**Aim of the task:**
Your copy must hold all of the data below, unchanged and without images.

**Material provided:**
---
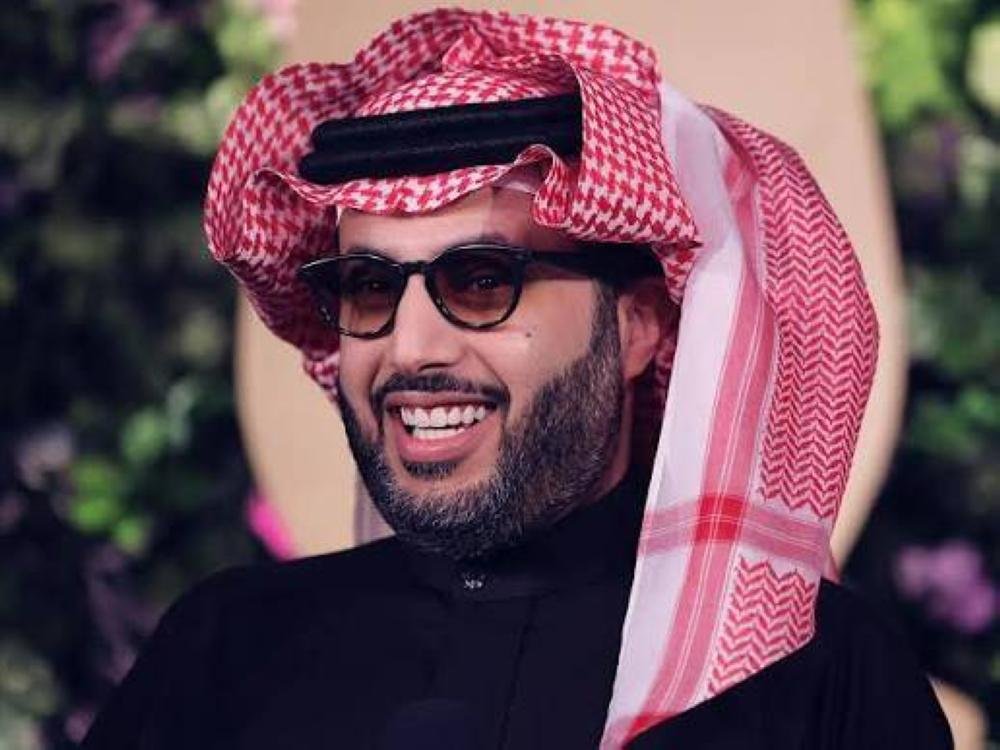 تركي آل الشيخ يعلن إقامة نزال تاريخي يجمع فيوري وجوشوا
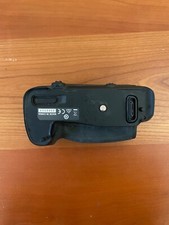 Genuine Nikon MB-D16 Multi Power Battery Pack Grip for D750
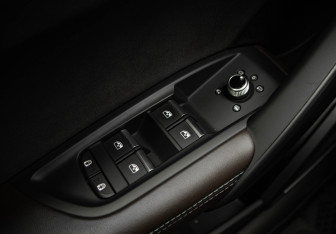 Подержанный автомобиль Audi Q5 2021 года (15 фото)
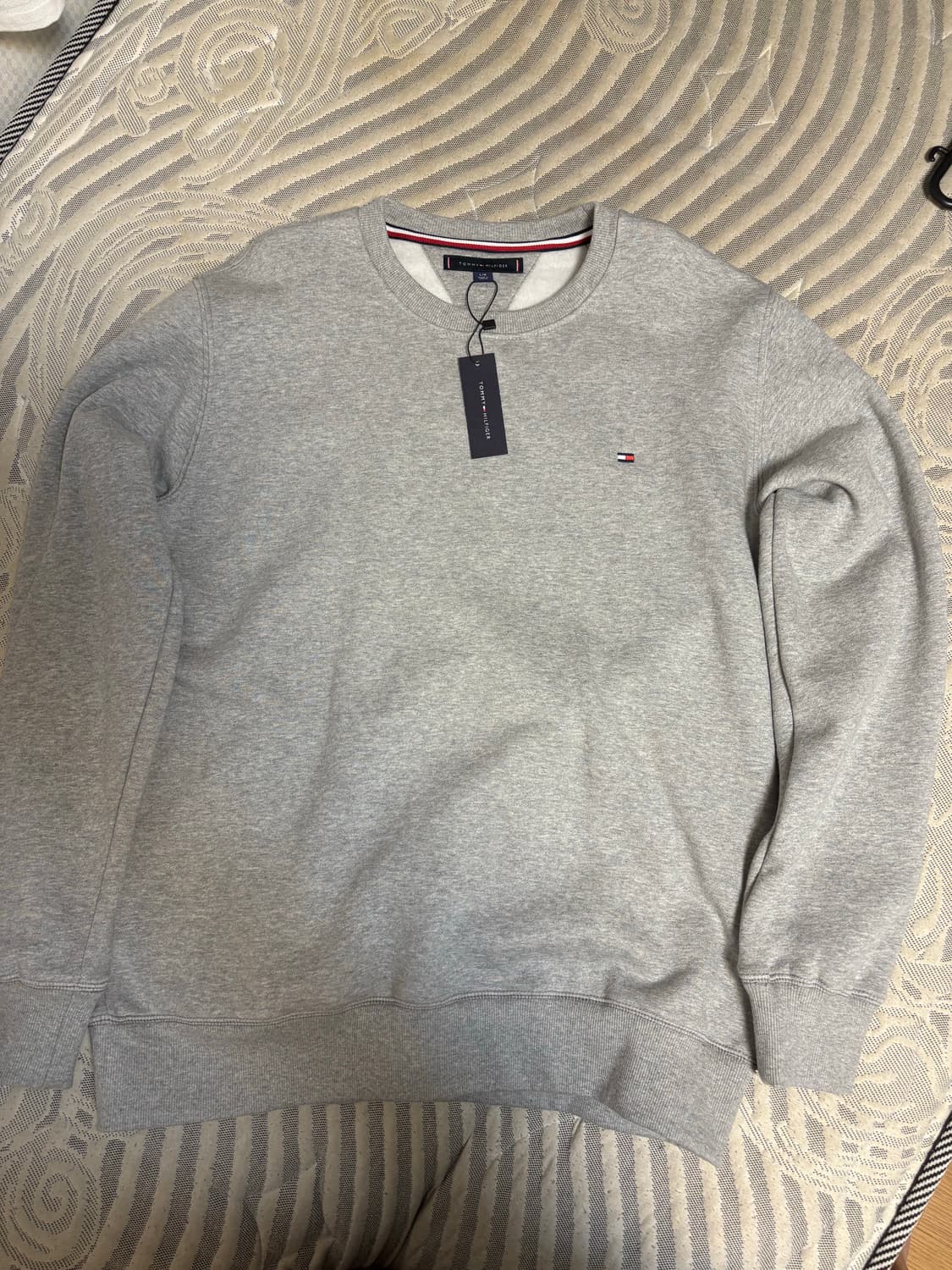 타미힐피거 맨투맨 새 제품 L 상품이미지1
---
**Solution:**
 تركي آل الشيخ يعلن إقامة نزال تاريخي يجمع فيوري وجوشوا
 Genuine Nikon MB-D16 Multi Power Battery Pack Grip for D750
 Подержанный автомобиль Audi Q5 2021 года (15 фото)
 타미힐피거 맨투맨 새 제품 L 상품이미지1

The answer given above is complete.